Likewise, McSheehy also repeatedly declined to answer more specific questions about the investigation in Beachcomber interviews, including whether the district had received prior complaints about the teacher’s conduct.

However, documents obtained by The Beachcomber did shed some light on the teacher’s conduct, prior to the case.

According to the police report filed on Sept. 1, McSheehy told the reporting deputy that the teacher had “a history of administrative intervention due to inappropriate relationships with students, but nothing to the extent of [the current] allegations.”

The Beachcomber reported this statement and subsequently obtained a “non-disciplinary letter of direction,” dated April 27, 2022, signed by then-VHS assistant principal John Erickson. (Last week, Erickson was hired as the school’s new principal.)

In the letter — received as part of a broad request for documents pertaining to administrative interventions with district staff during a specific time frame — the name of the teacher and some details of the complaint were redacted.
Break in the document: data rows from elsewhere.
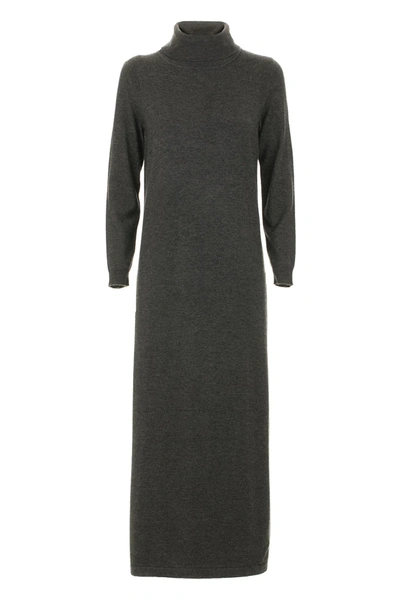 Shop Imperfect High Collar  Dress In Gray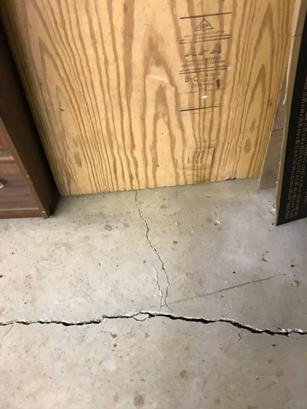 Cracked interior concrete floor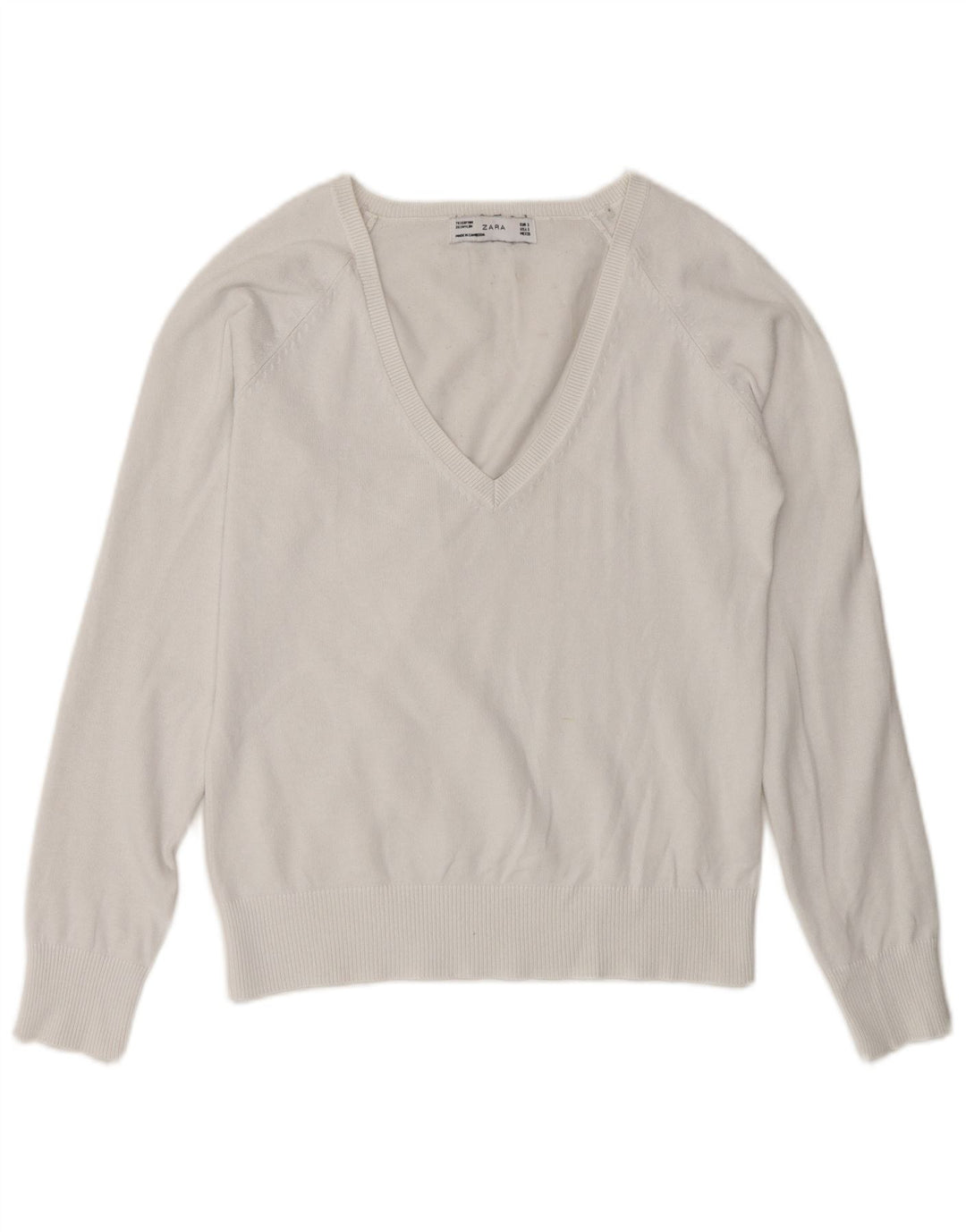 Zara Γυναικείο πουλόβερ με V λαιμόκοψη UK 10 Small White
The Beachcomber never reported on the letter because no sources would confirm that it pertained to the teacher under investigation.

However, in her phone interview with The Beachcomber, Sears brought up the letter herself, as well as McSheehy’s comment in the police report saying the teacher had “a history of administrative interventions” — making clear the reference was to her.

This statement, she said, was not true.

Sears also said that the district had told her that Erickson’s letter had been identified as part of The Beachcomber’s public records request, and then asserted that it should not have been included in the response to the request — calling the allegations discussed in the letter a “fishing expedition by the district that there was no evidence for.”

The incident described in the letter, she said, had never happened.

The letter detailed allegations the teacher had bullied, intimidated and harassed some students, and had not maintained professional boundaries with others by discussing employment concerns with them and allowing them to leave campus on errands unrelated to any educational purpose.

In the letter, Erickson emphasized that no disciplinary action would be taken, but directed the teacher to “maintain appropriate boundaries with students,” and warned that a failure to adhere to the directive “could result in discipline, up to and including termination from the district.”

McSheehy, when asked for a response to Sears’ accusations of falsehoods and improper actions by the district, declined to do so, citing the district’s policy of not commenting on personnel matters.

Second investigation continues

A second VHS teacher is still under investigation, and on paid administrative leave, following a complaint made last fall by two VHS graduates of similar misconduct by that teacher in 2001 and 2008.

In November, the attorneys Jessica Johanson-Kubin and Lara Hruska, of Cedar Law, who are representing the 2001 and 2008 graduates, said in a statement to The Beachcomber that both graduates were “groomed by the same VHS teacher and manipulated into romantic relationships with that teacher shortly after their respective graduations.”

On Friday, The Beachcomber sent an email to the five school board members and McSheehy, as well as the leadership of the Vashon Teachers Association, the union representing certificated staff in the district, asking if they would support the establishment of a new district policy prohibiting staff members from engaging in romantic relationships with students for a period of at least one to two years after their graduation.

In an emailed response, McSheehy seemed to rule out the implementation of such a policy on legal grounds, saying the district was able to set expectations and parameters with respect to employee conduct when interacting with “current” students and minors.